Centrally Acting Adrenergic Drugs

  • Clonidine and methyldopa: stimulate alpha2-adrenergic receptors in the brain.
    • Decrease sympathetic outflow from the CNS due to decreased norepinephrine production, resulting in decreased BP.
    • Not typically first-line drugs due to adverse effects (orthostatic hypotension, fatigue, dizziness).
    • Adjunct drugs for hypertension after other drugs have failed; used with other antihypertensives, such as diuretics.
  • Clonidine:
    • Used primarily to decrease blood pressure; also for opioid withdrawal management.
    • Available in oral and topical patch forms.
    • Do not stop abruptly (rebound hypertension).

Peripherally Acting Alpha1 Blockers

  • Doxazosin, prazosin, and terazosin: block alpha1-adrenergic receptors.
    • When alpha1-adrenergic receptors are blocked, BP is decreased.
    • Dilate arteries and veins.
    • Increase urinary flow rates and decrease outflow obstruction in the bladder neck and urethra.
    • Use: Benign Prostatic Hyperplasia (BPH).
    • Tamsulosin (Flomax) – solely indicated for BPH.
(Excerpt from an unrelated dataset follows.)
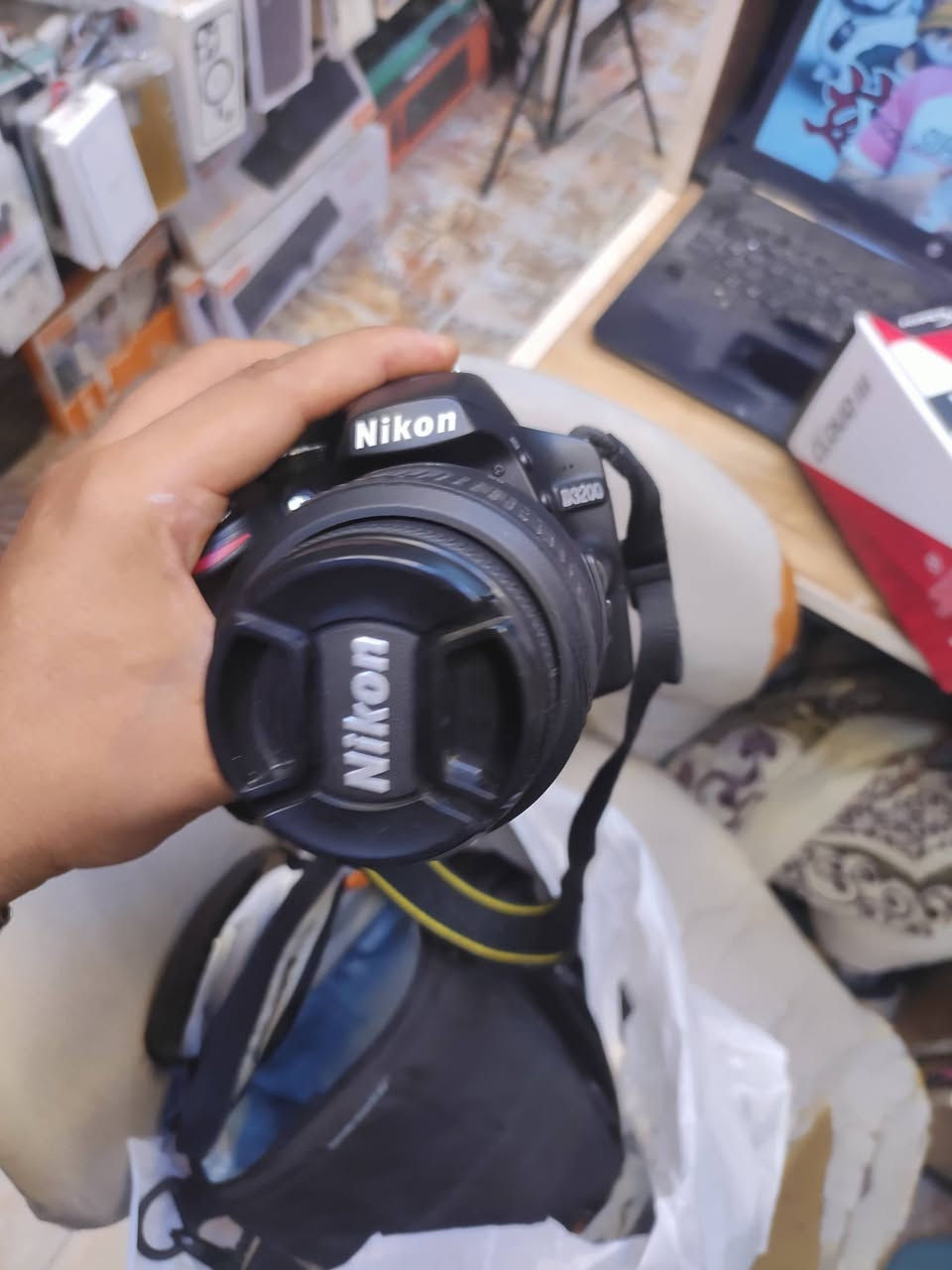نيكون D3200 • عدسة ١٥-١٨مم • نظيفة جدا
Miscellaneous Antihypertensive Drugs

  • Eplerenone (Inspra):
    • Selective aldosterone blocker.
    • Reduces BP by blocking aldosterone action at receptors in the kidney, heart, blood vessels, and brain.
    • Indications: routine treatment of hypertension and for post-MI HF.
    • Contraindicated in high serum potassium levels (above 5.6 mEq/L).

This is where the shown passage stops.